Low budget ecommerce store
If you are spending less than $100/day, the simpler you keep your account, the better it usually is for performance. We normally try to create two campaigns in this case; a ‘winners’ campaign with products/brands that have a high margin/high ROAS, and a second campaign targeting low performing products.
If you are not spending large amounts of money on your campaigns, having a ton of campaigns usually does not make sense. With more and more people opting into smart bidding, people fail to realize that the more conversion data there is in a campaign, the better results it will bring. Consolidating your campaigns ensures that you are giving Google’s smart bidding algorithm a high number of data points to work with.
The previous two examples require sales data and knowing what has better margins for your brand. What if you don’t have any sales data as a starting point?
In such a case, dividing your campaigns based on product categories makes sense because it allows you to create campaigns based on how people are searching for the products you sell. For example, if you have a home goods store like Bed, Bath & Beyond, you can create campaigns for each category you have on the website, like Kitchen, Dining, Bedroom etc.
If you run a DTC website, your account structure would look similar to the one just described. Ecommerce stores selling other brands get a large number of brand traffic so it makes sense for them to have separate brand campaigns/tiered campaigns. However a DTC brand will primarily get generic traffic searching for the products they sell.
For example, for a website like Truff, you can create separate campaigns for Hot Sauce, Mayo, Pasta, Oil etc.
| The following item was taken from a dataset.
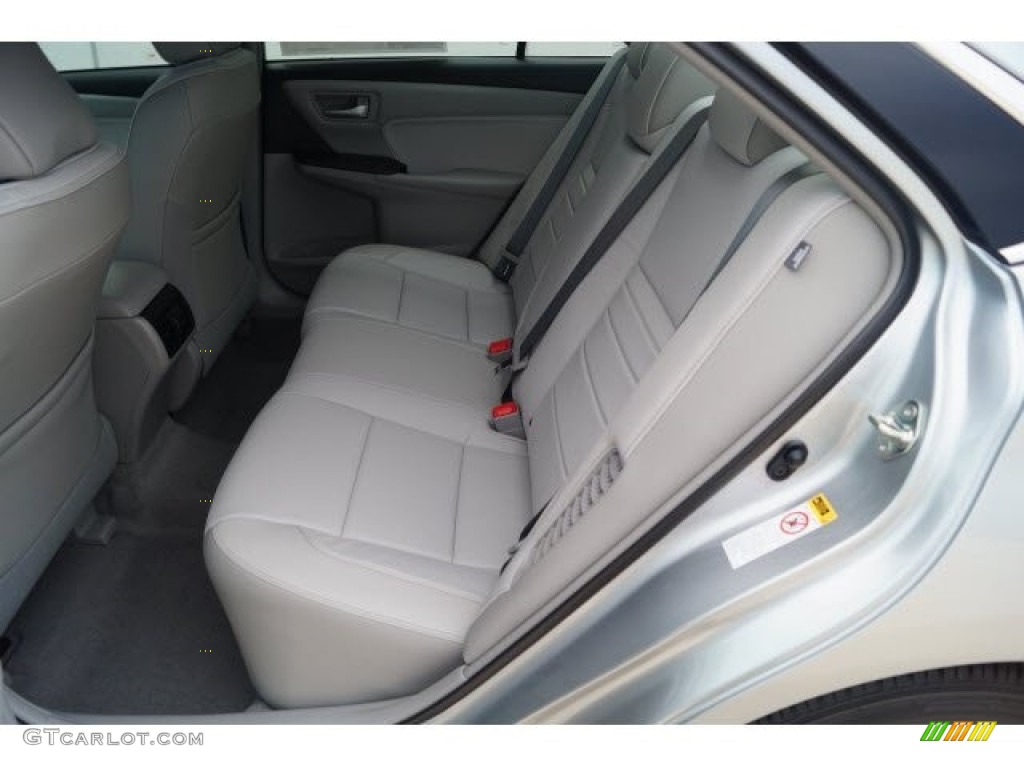 2017 Toyota Camry Hybrid XLE Rear Seat Photo #119735971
When you launch your shopping campaigns, you can run them for a month and then look at the data to decide whether the current campaign structure makes sense or whether you need to restructure/create additional campaigns.
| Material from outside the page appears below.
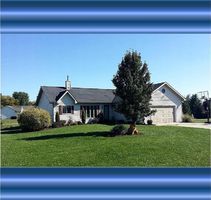 Pre-foreclosure in  MAPLE RIDGE RD Oconomowoc, WI 53066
You can also mix and match structures in an account if that helps get the best results. You don’t have to be limited to a brand structure only or a product category structure only. Your campaigns can also look like this:
Shopping Campaign Product Category X
Shopping Campaign Product Category Y
Shopping Campaign Product Category Z
Shopping Campaign Brand A
Shopping Campaign Brand B
You can test multiple structures in your account and see what gets the best results – and most importantly, what structure allows you to easily scale spend on your account.